Scully inclines her head in acknowledgement.  The drinks cart rattles closer.  Club soda, she decides.  Maybe the stinging freshness of the bubbles will clear the memory of smoke from her sinuses and the taste of Mulder’s mealymouthed half-apology from the back of her throat.  The flight attendant thinks they’re married.  Neither of them says anything as they accept their cups of ice and bags of peanuts.
“I didn’t know you wanted to be part of my misery,” Mulder says as Scully tips the last of her honey-roasted peanuts into her palm.  A small indulgence to offset her distaste for flying.
“Mulder, I couldn’t escape being part of your misery if I wanted to,” she says.  She crumples the empty bag onto her tray and licks the nuts out of her palm.  With her clean hand, she touches his forearm where he’s rolled up the sleeve of his dress shirt.  He gets hot on airplanes.  She can feel how cool her fingers are against his skin.  “For the record, I don’t want to.”
“Here I am, stuck in the middle with you,” he says blithely.  
“Some days, I feel stuck,” she says.  “Some days, I feel like Bonnie and Clyde.”
“I can’t recommend robbing banks, Scully,” he says.  “It’s not as much fun as it looks.  But I’m sure we can make our own fun in Dallas.”
“There’s fun in Dallas?” she asks skeptically.
“You’ll see,” he says with confidence.  “Don’t we always find a way?”
“Frequently the wrong way,” she says.
“I took the way less traveled by,” he tells her.  “It’s made all the difference.”

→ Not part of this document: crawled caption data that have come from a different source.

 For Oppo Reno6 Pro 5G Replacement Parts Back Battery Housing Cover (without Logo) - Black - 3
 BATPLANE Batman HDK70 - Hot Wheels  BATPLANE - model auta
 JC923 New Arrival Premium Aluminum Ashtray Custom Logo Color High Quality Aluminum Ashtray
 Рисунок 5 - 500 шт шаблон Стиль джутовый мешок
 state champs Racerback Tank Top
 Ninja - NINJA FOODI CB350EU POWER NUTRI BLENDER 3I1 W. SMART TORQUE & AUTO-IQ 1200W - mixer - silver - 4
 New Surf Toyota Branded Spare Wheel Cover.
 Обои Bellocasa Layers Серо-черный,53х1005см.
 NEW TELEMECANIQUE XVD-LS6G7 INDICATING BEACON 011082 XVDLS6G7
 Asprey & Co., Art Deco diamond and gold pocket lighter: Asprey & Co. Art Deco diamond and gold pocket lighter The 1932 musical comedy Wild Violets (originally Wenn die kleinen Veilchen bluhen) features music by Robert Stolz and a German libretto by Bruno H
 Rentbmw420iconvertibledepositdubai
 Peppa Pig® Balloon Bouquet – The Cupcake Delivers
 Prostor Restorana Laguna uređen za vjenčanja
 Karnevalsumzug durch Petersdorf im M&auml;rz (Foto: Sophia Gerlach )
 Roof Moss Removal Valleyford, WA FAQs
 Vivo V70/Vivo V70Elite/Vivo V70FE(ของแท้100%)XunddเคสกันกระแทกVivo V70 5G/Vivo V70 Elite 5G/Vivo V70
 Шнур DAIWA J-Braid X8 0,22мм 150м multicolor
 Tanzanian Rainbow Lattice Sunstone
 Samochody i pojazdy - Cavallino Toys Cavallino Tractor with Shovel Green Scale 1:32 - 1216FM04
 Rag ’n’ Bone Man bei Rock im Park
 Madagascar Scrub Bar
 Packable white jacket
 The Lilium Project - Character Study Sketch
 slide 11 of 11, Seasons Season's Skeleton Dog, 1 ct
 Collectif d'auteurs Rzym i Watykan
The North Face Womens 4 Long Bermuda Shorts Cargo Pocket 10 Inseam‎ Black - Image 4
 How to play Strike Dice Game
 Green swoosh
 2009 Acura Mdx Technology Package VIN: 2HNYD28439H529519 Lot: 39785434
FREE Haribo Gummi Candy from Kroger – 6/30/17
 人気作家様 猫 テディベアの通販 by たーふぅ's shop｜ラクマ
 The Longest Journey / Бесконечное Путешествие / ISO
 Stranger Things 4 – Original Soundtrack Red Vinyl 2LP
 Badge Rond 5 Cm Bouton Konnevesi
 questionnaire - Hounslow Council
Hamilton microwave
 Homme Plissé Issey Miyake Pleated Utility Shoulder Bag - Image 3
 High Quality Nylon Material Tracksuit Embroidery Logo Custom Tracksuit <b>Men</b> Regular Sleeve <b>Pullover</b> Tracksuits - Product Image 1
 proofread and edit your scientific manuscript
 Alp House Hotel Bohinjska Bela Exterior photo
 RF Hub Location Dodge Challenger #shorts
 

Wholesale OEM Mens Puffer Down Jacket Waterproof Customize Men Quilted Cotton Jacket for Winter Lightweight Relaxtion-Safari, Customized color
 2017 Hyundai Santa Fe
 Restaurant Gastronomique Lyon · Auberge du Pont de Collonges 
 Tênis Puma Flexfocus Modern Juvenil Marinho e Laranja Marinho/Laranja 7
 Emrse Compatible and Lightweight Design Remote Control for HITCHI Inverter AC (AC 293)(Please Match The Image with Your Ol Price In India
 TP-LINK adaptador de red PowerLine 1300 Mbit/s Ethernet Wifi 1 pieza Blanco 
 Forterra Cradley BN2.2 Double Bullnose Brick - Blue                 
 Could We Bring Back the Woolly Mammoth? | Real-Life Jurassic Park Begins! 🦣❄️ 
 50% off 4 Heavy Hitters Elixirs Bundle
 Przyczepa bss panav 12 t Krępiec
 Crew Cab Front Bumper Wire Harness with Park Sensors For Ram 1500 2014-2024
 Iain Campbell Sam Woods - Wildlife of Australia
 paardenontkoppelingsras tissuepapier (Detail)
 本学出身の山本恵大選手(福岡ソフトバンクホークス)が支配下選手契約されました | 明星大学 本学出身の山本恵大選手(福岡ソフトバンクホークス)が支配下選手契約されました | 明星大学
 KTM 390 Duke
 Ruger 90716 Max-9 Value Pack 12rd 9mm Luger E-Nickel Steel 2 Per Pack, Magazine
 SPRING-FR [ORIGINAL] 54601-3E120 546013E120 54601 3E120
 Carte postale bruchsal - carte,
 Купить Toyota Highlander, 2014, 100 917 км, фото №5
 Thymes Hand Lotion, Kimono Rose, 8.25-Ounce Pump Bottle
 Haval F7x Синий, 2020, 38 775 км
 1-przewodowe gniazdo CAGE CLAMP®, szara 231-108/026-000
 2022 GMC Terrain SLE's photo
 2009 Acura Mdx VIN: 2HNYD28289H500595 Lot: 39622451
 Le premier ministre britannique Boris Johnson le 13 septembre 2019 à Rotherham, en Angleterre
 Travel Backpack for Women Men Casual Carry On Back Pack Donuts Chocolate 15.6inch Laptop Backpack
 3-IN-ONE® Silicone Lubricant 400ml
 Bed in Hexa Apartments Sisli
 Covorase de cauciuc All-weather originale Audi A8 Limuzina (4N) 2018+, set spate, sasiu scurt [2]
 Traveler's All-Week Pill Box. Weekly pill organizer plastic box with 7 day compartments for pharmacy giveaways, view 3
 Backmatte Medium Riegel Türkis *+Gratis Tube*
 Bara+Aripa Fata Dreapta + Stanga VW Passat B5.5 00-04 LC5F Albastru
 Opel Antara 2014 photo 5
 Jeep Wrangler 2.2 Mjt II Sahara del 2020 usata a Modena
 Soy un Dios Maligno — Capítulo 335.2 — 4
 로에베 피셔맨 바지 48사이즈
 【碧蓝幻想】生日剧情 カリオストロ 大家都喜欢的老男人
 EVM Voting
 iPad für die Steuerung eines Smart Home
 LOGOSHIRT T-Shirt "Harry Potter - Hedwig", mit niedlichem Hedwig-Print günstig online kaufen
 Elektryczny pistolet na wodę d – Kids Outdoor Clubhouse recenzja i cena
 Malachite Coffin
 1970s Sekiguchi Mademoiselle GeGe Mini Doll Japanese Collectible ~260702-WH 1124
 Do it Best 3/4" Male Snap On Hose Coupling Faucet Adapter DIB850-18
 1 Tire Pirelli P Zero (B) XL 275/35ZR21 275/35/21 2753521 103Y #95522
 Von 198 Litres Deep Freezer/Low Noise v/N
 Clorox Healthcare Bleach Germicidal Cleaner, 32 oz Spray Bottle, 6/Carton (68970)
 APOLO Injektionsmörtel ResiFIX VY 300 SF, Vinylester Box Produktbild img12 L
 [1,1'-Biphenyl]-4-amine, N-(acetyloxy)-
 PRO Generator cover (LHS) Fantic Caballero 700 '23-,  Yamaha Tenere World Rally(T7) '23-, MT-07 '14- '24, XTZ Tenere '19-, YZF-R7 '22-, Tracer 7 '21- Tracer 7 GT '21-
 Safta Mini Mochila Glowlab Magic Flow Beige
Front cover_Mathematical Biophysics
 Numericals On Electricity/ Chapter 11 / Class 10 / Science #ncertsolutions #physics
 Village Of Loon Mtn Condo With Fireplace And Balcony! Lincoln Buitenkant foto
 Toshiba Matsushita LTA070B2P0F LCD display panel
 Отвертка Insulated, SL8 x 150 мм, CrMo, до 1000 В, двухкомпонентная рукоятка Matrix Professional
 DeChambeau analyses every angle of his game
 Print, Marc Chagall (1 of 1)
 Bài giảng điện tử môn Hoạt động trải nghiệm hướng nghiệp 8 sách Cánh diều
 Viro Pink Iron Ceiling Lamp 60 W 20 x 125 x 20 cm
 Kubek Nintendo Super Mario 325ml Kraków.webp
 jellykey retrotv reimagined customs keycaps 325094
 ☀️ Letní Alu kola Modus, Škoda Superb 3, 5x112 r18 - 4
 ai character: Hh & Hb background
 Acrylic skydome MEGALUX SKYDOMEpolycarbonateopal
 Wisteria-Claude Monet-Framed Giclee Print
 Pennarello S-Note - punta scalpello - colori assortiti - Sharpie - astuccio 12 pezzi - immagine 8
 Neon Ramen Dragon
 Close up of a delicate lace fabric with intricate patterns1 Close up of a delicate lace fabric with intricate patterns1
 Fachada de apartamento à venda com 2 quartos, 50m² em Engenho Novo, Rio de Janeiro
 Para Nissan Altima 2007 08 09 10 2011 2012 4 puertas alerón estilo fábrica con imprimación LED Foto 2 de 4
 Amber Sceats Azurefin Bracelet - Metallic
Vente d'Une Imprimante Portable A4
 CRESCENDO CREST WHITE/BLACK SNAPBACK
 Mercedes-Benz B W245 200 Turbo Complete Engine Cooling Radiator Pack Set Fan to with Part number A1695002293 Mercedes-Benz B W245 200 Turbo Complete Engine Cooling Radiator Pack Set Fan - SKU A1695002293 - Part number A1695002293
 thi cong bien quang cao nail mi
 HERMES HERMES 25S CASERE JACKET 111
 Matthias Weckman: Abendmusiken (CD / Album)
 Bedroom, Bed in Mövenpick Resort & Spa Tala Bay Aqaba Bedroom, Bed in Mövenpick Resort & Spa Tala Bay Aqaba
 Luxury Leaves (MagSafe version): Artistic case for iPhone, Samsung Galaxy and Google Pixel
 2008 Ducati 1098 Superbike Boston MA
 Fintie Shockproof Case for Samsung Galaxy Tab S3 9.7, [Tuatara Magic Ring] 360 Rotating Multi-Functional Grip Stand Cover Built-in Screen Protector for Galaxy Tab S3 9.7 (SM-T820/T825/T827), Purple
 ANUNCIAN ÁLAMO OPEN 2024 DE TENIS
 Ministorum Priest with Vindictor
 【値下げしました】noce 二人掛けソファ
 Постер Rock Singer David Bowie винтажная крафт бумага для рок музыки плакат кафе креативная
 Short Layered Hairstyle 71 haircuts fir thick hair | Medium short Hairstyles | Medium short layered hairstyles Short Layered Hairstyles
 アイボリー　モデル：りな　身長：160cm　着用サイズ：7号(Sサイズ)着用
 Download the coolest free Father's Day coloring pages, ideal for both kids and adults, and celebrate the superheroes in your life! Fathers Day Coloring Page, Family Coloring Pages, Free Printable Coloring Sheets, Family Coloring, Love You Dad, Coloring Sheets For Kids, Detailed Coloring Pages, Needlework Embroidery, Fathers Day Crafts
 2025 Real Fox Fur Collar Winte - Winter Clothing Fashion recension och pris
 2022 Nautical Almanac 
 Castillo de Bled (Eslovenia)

“I know it has,” she says, and leans back against the headrest.  The last of her club soda is fizzing in her plastic cup.  It sounds almost aggressive, the way the ice amplifies the popping of the bubbles.  But it tastes clean and fresh when she raises it to her lips.  All she can smell is the crispness of ice, a microclimate that will vanish, inevitably, as the water shifts states into a tepid liquid she won’t want to drink.  The only constant is change.  The ice doesn’t lose itself; the water retains the memory of what it was, and becomes ice when the conditions are met.  That’s comforting.  She’s heard the murmurs of ice queen around the bullpen before, but ice has structure and clarity that smoke doesn’t.  Ice remembers.  It can hold the evidence inside it of thousands of years, preserving a perfect record of how things used to be.  She becomes aware that she’s gazing into her cup and sets it down.  She hasn’t been sleeping well.  Her dreams are all hazy at the edges.
“You’re looking sleepy there, partner,” Mulder says in what he seems to believe is a Texas accent.  It’s no better than it was when they were chasing vampires in Cheney.  He pats his shoulder.  “I’m here if you need me.”
She lets herself lean against him.  For a moment, he tenses, but then his muscles ease under her head.  When she takes a deep breath, he smells like soap and heat.  
“We’re not going to a cowboy bar,” she tells him.
“You say that now, Scully.”  His arm rises and falls gently under her ear as he breathes.  “I bet you’ll be boot scoot boogieing with the rest of the Texans in no time.”
“I didn’t bring my cowboy boots,” she says.
“There’s your first mistake,” he tells her.  “You’ve got the wrong attitude about this trip.  I’ll show you.”
“I’m sure you will,” she says, yawning, and the rest of whatever he says fades into the steady hum of the engines.